What you will do: Give again, word for word, every line in the entries below from the line with "Cute Cat Charm" up to and including the line with "Cuisine 81 x", and no other line.

Data shown:
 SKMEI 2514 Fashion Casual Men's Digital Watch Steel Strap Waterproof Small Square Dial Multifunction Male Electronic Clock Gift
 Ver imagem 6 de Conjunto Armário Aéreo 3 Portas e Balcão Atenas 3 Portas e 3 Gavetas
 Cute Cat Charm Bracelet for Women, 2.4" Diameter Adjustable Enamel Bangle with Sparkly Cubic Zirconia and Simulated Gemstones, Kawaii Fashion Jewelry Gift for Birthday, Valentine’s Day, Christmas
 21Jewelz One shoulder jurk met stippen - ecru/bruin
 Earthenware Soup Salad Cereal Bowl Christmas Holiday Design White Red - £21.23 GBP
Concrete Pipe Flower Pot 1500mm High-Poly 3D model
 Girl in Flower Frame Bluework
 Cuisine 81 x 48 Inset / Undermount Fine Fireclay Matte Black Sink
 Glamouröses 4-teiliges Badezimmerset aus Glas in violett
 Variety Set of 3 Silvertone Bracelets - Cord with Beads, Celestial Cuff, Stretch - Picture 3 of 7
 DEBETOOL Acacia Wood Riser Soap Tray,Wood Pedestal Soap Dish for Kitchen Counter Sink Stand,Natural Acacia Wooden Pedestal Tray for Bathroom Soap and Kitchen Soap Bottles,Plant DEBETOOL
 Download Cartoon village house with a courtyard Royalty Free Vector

Answer area:
 Cute Cat Charm Bracelet for Women, 2.4" Diameter Adjustable Enamel Bangle with Sparkly Cubic Zirconia and Simulated Gemstones, Kawaii Fashion Jewelry Gift for Birthday, Valentine’s Day, Christmas
 21Jewelz One shoulder jurk met stippen - ecru/bruin
 Earthenware Soup Salad Cereal Bowl Christmas Holiday Design White Red - £21.23 GBP
Concrete Pipe Flower Pot 1500mm High-Poly 3D model
 Girl in Flower Frame Bluework
 Cuisine 81 x 48 Inset / Undermount Fine Fireclay Matte Black Sink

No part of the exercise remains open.